Buntsandstein is a ubiquitous part of Pfalz geology. The southern half of the Pfälzer Wald (Palatinate Forest) is home to its most obvious incarnations: countless castles, cliffs, rock formations, and rocky outcrops of red sandstone, all ablaze in the evening sun. It becomes more of a beige-coloured sandstone, the further north you head towards the classic district of the Mittelhaardt, where Frank John and family are based.

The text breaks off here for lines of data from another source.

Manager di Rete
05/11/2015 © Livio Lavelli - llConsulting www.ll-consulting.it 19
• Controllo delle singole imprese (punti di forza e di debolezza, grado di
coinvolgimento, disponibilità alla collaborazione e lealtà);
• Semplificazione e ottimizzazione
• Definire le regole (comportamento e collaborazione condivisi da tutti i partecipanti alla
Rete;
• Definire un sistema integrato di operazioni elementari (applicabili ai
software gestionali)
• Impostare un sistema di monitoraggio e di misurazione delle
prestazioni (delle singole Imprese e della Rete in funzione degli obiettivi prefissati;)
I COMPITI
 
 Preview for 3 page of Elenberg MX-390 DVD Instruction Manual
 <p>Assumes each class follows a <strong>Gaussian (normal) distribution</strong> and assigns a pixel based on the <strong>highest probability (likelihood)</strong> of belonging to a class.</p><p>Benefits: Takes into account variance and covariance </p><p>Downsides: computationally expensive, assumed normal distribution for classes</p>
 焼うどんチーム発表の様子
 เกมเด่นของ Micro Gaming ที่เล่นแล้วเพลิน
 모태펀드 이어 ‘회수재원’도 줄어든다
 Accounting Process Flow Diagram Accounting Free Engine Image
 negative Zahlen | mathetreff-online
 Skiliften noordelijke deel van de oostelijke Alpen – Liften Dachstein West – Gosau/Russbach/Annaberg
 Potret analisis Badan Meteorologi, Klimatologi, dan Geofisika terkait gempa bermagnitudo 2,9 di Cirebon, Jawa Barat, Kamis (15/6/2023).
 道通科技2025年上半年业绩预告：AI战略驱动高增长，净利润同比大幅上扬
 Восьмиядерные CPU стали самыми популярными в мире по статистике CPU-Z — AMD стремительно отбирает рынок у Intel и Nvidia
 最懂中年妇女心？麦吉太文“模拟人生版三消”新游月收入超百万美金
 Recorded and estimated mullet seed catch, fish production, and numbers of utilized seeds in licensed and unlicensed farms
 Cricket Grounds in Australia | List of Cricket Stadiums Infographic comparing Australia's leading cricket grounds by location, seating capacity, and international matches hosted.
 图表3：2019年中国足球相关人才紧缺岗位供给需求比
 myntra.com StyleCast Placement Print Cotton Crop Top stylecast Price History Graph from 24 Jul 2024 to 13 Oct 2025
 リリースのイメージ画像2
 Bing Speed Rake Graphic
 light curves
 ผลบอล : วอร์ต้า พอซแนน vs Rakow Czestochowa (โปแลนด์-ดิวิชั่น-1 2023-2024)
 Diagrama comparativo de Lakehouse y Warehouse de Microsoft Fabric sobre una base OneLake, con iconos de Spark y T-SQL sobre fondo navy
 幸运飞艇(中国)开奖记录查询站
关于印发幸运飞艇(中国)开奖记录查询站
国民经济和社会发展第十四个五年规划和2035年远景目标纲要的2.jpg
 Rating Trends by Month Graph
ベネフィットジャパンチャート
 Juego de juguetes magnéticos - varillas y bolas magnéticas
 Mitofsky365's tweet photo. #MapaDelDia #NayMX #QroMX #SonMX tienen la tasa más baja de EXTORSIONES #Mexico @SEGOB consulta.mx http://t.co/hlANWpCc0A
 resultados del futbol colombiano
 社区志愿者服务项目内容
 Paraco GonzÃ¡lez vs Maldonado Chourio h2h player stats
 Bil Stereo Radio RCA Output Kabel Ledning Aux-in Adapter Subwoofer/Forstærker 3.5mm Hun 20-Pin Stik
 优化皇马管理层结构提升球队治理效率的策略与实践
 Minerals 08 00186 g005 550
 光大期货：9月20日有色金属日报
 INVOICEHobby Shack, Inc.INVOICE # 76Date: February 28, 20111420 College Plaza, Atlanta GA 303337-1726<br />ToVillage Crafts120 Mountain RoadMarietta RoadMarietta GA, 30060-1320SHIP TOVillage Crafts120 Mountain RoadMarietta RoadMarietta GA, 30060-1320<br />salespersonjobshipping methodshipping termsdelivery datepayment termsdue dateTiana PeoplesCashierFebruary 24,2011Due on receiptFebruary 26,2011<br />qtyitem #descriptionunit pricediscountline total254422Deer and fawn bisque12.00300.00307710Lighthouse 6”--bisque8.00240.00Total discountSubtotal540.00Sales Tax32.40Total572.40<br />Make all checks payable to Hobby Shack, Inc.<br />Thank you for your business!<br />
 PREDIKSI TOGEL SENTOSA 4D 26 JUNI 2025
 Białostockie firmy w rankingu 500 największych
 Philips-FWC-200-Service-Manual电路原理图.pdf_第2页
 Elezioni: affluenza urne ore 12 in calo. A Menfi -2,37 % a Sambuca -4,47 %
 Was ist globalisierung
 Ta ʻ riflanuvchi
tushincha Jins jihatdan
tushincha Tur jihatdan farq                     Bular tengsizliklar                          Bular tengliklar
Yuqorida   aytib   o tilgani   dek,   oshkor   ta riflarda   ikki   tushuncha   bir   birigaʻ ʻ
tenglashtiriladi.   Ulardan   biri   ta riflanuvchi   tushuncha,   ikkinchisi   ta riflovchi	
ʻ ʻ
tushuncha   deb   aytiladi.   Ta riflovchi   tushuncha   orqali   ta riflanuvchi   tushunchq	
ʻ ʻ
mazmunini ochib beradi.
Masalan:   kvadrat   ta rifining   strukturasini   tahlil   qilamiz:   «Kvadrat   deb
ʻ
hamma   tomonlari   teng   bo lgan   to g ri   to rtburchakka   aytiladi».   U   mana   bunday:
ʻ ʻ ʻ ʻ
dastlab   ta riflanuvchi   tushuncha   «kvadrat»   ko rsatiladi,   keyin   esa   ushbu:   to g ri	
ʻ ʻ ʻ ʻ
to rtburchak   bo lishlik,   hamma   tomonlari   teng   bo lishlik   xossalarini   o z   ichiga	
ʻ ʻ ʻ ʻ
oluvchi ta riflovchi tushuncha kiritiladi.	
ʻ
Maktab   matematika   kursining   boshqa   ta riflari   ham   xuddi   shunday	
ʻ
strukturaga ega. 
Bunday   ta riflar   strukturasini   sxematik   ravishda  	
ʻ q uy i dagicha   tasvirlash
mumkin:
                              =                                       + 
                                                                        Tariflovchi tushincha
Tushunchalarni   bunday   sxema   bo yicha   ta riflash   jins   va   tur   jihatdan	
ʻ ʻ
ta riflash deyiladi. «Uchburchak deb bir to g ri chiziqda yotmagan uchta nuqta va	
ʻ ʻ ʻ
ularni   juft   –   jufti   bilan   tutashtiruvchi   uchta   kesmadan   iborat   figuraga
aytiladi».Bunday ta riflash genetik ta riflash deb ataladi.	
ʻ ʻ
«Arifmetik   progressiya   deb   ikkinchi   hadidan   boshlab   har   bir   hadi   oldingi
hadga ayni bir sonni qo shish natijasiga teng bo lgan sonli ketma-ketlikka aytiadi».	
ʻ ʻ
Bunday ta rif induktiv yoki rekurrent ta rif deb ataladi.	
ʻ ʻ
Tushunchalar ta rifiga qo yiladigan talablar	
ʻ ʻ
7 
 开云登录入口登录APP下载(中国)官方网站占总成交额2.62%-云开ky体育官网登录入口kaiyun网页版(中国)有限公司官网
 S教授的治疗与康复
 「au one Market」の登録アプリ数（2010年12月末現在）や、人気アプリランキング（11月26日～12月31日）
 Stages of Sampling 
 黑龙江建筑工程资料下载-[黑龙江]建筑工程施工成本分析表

Frank John was the winemaker at Von Buhl when I did a four-week internship there in my early 20s during the summer of 1997. I have positive memories of Herr John – a very calm, and calming, figure at a winery that was re-emerging from a period of relative mediocrity. John was the subject of a recent podcast (I can very much recommend it if you understand German; here’s the link). As he tells interviewer Wolfgang Staudt, the Von Buhl cellars in the 1990s were suddenly full of spanking new stainless-steel vats thanks to an injection of cash from Japanese investors who began leasing the estate in 1989. There were no wooden vessels at all. John and Von Buhl eventually parted ways in 2002. It seems that the then management did not necessarily share all of John’s eco-friendly convictions.

I tasted this wine gradually over seven days but only made notes on three of them. Initial iodine and peaty notes on the nose, followed by red fruit (mostly raspberry), honey, and wax. Day two: herbal aromas, maybe a hint of quince along with dried fruit (peach or apricot, not sure). Day seven: beeswax, succulent red peach, and herbs.

Very dry on the palate. Most of the above but with less fruit and more of the same iodine tang. Mouthwateringly fresh, with a subtle bitter twist and herbal, almost medicinal character. The wine has also acquired a greater generosity since 2019 when I drank the first bottle. But there is not an ounce of fat.

This excellent wine still has years ahead of it and certainly further ageing potential.

Hand-picked grapes. Wild-yeast fermentation, including malolactic fermentation, in 1,200- and 1,400-litre oak casks, with a proportion of whole bunches. Maturation on the gross lees for one year. Minimal addition of sulphur.